**YOUR ASSIGNMENT:** Reproduce only the lines that run from the line containing "Nintendo Wii White" to the end of the entries below, exactly as they stand.

**INFORMATION SUPPLIED:**
━━━━━━

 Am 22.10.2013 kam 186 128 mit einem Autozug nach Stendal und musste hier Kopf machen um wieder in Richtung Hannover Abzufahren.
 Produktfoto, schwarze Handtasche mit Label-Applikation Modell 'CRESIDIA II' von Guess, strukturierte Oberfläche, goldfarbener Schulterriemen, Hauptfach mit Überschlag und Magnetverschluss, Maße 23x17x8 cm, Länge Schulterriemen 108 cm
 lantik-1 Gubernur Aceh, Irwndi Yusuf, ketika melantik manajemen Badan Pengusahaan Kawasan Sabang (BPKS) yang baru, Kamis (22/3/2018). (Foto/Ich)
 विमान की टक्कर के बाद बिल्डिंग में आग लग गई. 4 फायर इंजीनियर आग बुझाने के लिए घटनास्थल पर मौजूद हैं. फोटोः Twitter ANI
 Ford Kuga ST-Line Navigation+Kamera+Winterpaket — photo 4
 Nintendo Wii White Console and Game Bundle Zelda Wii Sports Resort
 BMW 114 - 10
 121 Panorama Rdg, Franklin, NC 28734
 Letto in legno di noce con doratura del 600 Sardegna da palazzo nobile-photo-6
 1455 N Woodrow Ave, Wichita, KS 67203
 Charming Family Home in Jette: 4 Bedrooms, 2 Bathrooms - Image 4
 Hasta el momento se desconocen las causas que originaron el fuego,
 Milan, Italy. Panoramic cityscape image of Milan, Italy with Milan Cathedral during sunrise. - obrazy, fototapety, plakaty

━━━━━━

**REPLY:**
 Nintendo Wii White Console and Game Bundle Zelda Wii Sports Resort
 BMW 114 - 10
 121 Panorama Rdg, Franklin, NC 28734
 Letto in legno di noce con doratura del 600 Sardegna da palazzo nobile-photo-6
 1455 N Woodrow Ave, Wichita, KS 67203
 Charming Family Home in Jette: 4 Bedrooms, 2 Bathrooms - Image 4
 Hasta el momento se desconocen las causas que originaron el fuego,
 Milan, Italy. Panoramic cityscape image of Milan, Italy with Milan Cathedral during sunrise. - obrazy, fototapety, plakaty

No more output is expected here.